Zwar sah es anfangs so aus, als dürfte Gustav die Privatgemächer des Kaiserpaares nicht betreten, also auch das Toilettezimmer nicht, in dem der erste Mord stattgefunden hatte, trotzdem schwebte er im siebten Himmel.
Er kannte die barocke Schlossanlage wie die meisten Wiener bisher nur von außen, wusste aber, dass jedes Familienmitglied des Hauses Habsburg einen eigenen Hofstaat und fünf Räume zur persönlichen Verfügung hatte. Insgesamt gab es tausendzweihundert Zimmer im Schloss und tausend Diener. Und einer von diesen, Josef, führte ihn nun durch die heiligen Hallen.

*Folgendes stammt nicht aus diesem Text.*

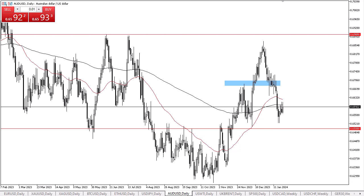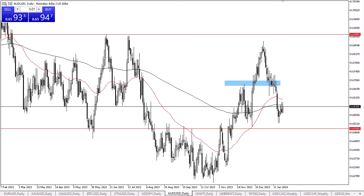When I look at the Australian dollar, I pay attention to the larger picture, and that larger picture dictates that the 0.65 level underneath is an area of importance. It is an area that I think a lot of people will be paying close attention to, as it could be the bottom of a trading range. 0.65 previously had been resistance, so you would assume there's a certain amount of market memory coming into the picture as well.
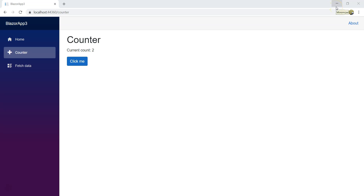Hello everyone. This is the sixth video under the topic of communication between components. Today we're going to cover the topic of referencing child components. Sometimes from the parent component, we want to directly invoke the methods or properties of the child components outside of the declaration — for example, when some event happens and you want to trigger something in the child component.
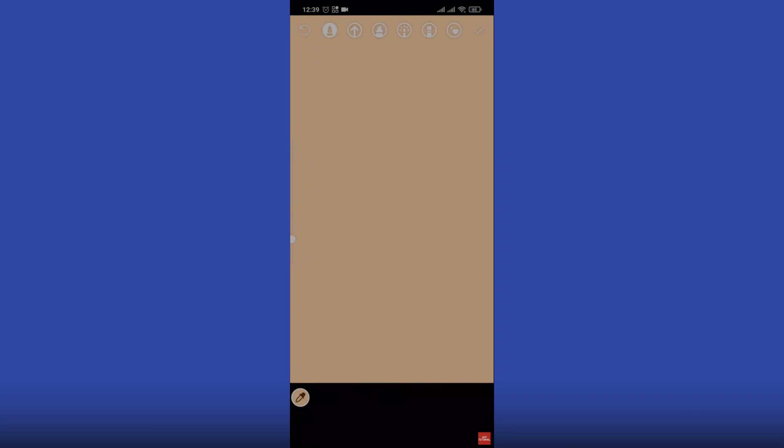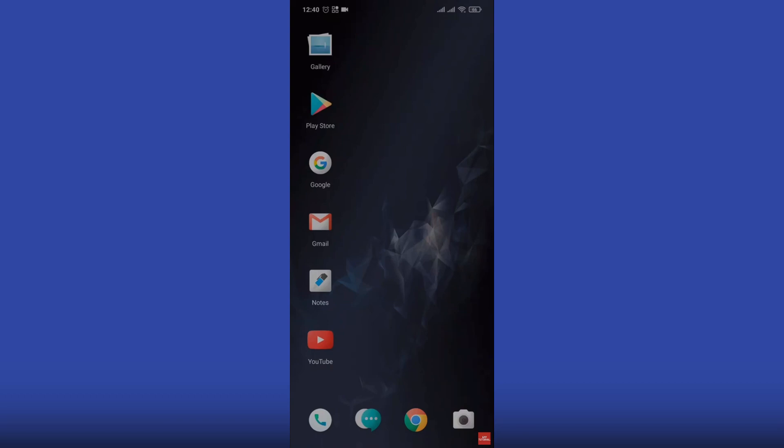You can also do the same for any other color that you want. So that was a quick video on how to change background color on Instagram stories. This is the video for today, thanks for watching.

Wie sich bald herausstellte, war der gute Mann über alles, was in Schönbrunn vor sich ging, bestens informiert.
Josef führte ihn zuerst in den Spiegelsaal. Die weißen Wände waren mit goldenem Stuck verziert, die Rokokomöbel dazu passend aus weißgoldenem Holz, die Polsterungen waren mit rotem Samt überzogen. Auch die Vorhänge samten und purpurrot. Sieben große Kristallspiegel, die einander reflektierten, ließen den Raum optisch größer erscheinen, als er war. Von der Decke hingen zwei prächtige Kristallluster.

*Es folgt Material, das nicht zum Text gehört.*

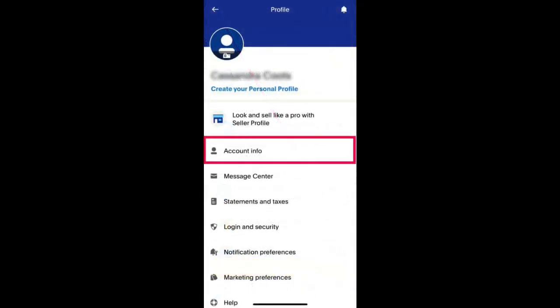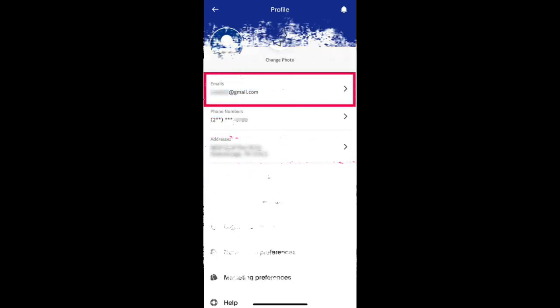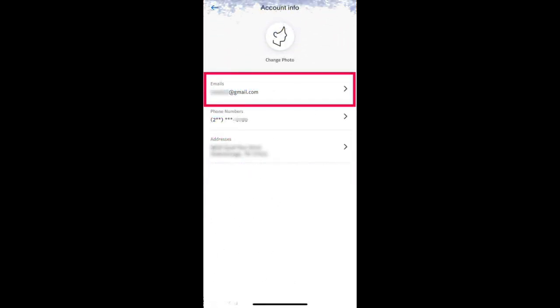Step 3: Tap account info. Select account info at the top of the menu. Step 4: View your email. Finally, you can see the email address you used to sign up for PayPal.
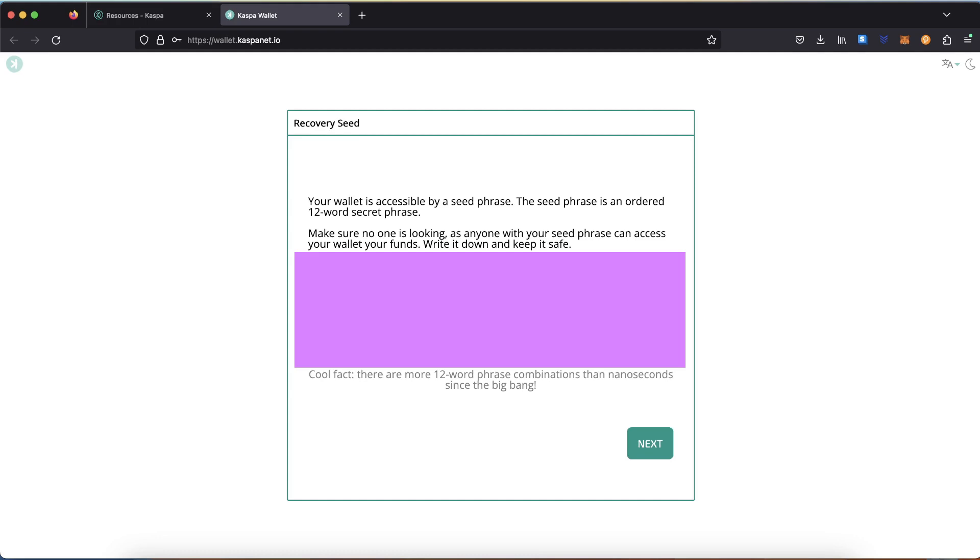If you need to use the wallet on a different device, you need to use your seed phrase to access your CAS. Click on Next.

„Das Spiegelzimmer dient dem Kaiserpaar als Empfangssalon“, sagte Josef. „Hier fand auch der legendäre Auftritt von Wolfgang Amadeus Mozart statt. Im zarten Alter von sechs Jahren gab er vor Kaiserin Maria Theresia und dem Hofstaat sein erstes Konzert. Nach dem Klavierspiel sprang das Wunderkind der Kaiserin auf den Schoss und umarmte und küsste sie.“
Gustav sah ihn skeptisch an.
„Diese Geschichte ist verbürgt, sie stammt von jemandem, der dabei gewesen ist“, beteuerte der Diener.
Als sie die Große Galerie betraten, fühlte sich Gustav einfach überwältigt angesichts all der Pracht und Herrlichkeit. Er stellte sich vor, wie fantastisch dieser gigantische Saal aussehen musste, wenn in den über sechzig vergoldeten Wandleuchten und den zwei schweren Lustern alle Kerzen brannten. Die vierzig Meter lange Galerie mit ihren Deckenfresken und den vielen Kristallspiegeln an den Wänden beeindruckte ihn mehr, als er sich eingestehen wollte.

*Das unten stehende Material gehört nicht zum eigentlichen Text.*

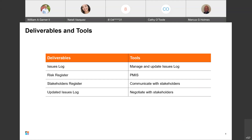Looking at enablers, we need to anticipate and embrace the need for change — accept it as part of the DNA of a project manager. Determine a strategy to handle change, execute change management strategies according to the methodology, and then determine a change response to move the project forward. Deliverables include issue logs, risk registers, stakeholder registers, and updated issue logs. Tools include managing and updating those logs, the project management information system (PMIS), communicating with stakeholders, and negotiating with stakeholders.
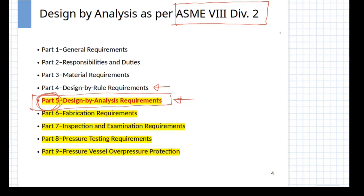Apart from ASME, there are other international codes such as the European EN code which also provide design by analysis procedures. However, they are more or less on similar lines as the ASME code, and once one understands the ASME procedure, it can be adapted for any other international code easily.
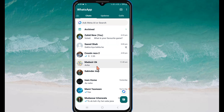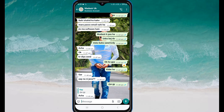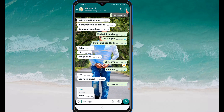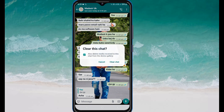Firstly, open WhatsApp and select the contact whose chat you want to clear. After selecting the contact, you can see three dots on the top right corner. Just click on it, then click on 'More options', then click on 'Clear chat', and confirm to clear chat.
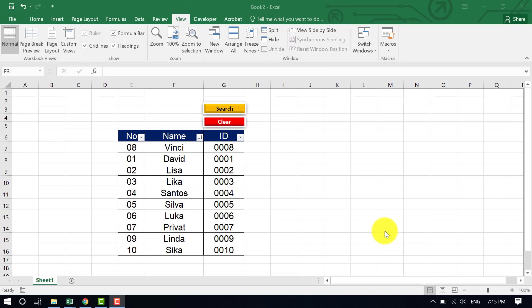Welcome back everyone. Today in Excel we are going to learn how to create a search button and a clear button.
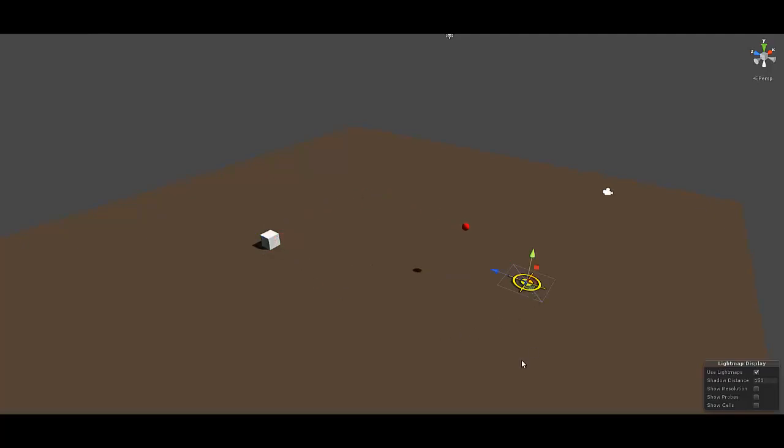Now I can grab the target and move it around and you'll see that the projectile will be fired at the new location of the target.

Nicht minder beeindruckt war er vom Chinesischen Rundkabinett, in dem Maria Theresia ihre geheimen Konferenzen mit dem damaligen Staatskanzler Fürst Kaunitz abgehalten hatte. Sein Großvater Albert von Karoly hatte ihm oft von diesem Zimmer und den konspirativen Gesprächen erzählt, obwohl er selbst nie die Ehre gehabt hatte, Schloss Schönbrunn betreten zu dürfen. Angeblich führte eine geheime Stiege in diesen Konferenzraum, über die wichtige Staatsmänner die mächtige Kaiserin aufsuchten. Und wenn es nichts zu konferieren gab, frönte die lebenslustige Maria Theresia hier ihrer Spielleidenschaft, dachte Gustav. Er empfand, trotz seiner republikanischen Einstellung, durchaus Sympathie für die legendäre Herrscherin.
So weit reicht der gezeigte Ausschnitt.